Copy, word for word, the lines below from the one containing "Hall Image of" up to and including the one containing "Автомобиль, за рулем", with pictures left out.

◆ Data records:
--- START ---

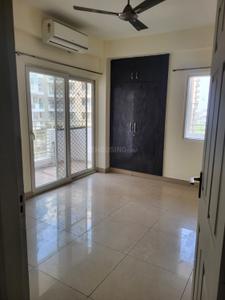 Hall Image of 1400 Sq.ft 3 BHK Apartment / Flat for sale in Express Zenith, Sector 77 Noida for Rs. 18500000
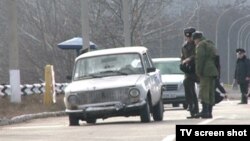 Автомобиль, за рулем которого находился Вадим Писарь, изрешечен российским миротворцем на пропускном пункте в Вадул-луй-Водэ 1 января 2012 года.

--- END ---
--- START ---

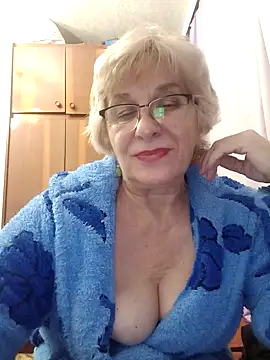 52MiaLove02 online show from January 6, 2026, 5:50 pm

--- END ---
--- START ---

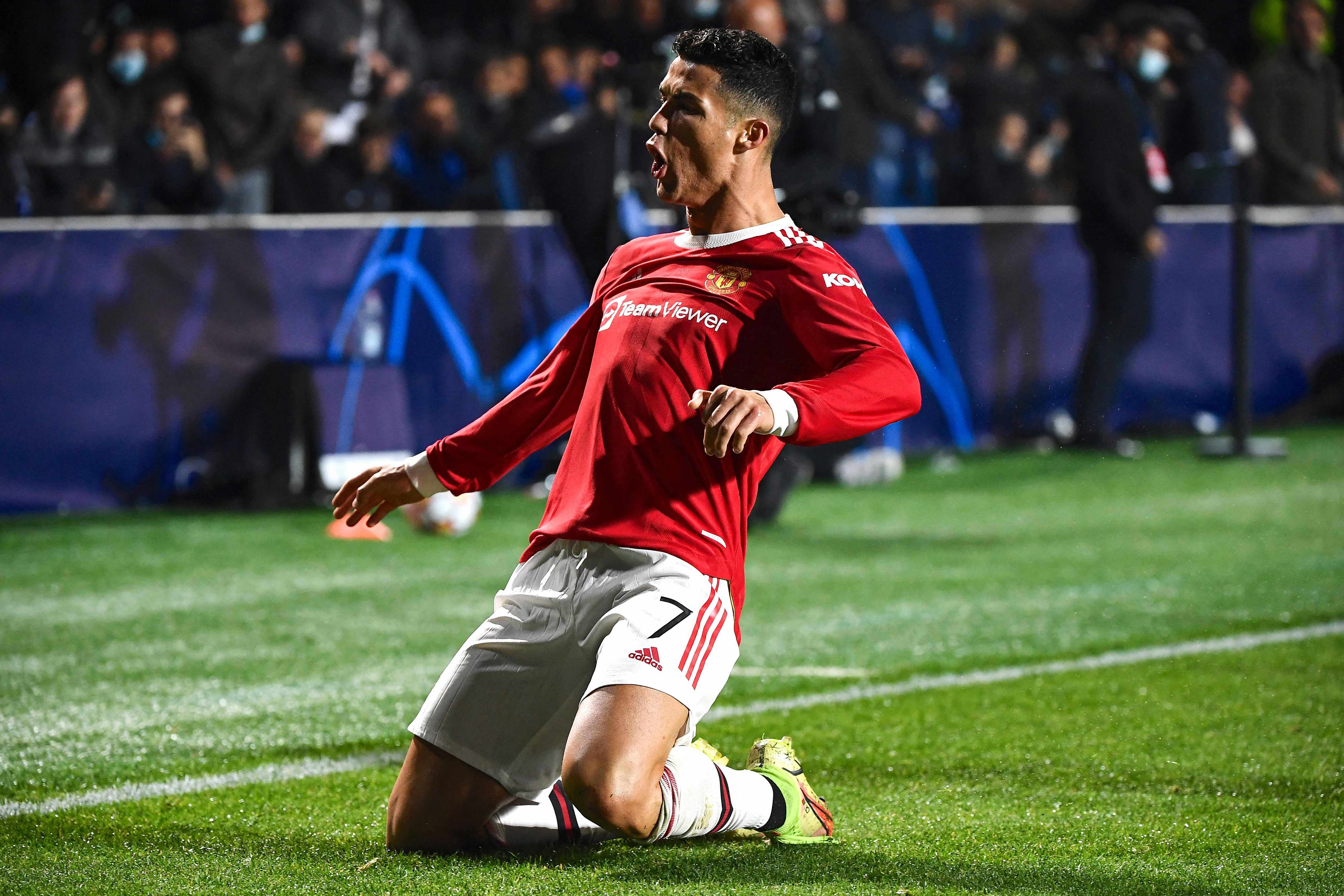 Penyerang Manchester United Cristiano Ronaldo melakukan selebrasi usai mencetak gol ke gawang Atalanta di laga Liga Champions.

--- END ---

◆ Problem solution:
 Hall Image of 1400 Sq.ft 3 BHK Apartment / Flat for sale in Express Zenith, Sector 77 Noida for Rs. 18500000
 Автомобиль, за рулем которого находился Вадим Писарь, изрешечен российским миротворцем на пропускном пункте в Вадул-луй-Водэ 1 января 2012 года.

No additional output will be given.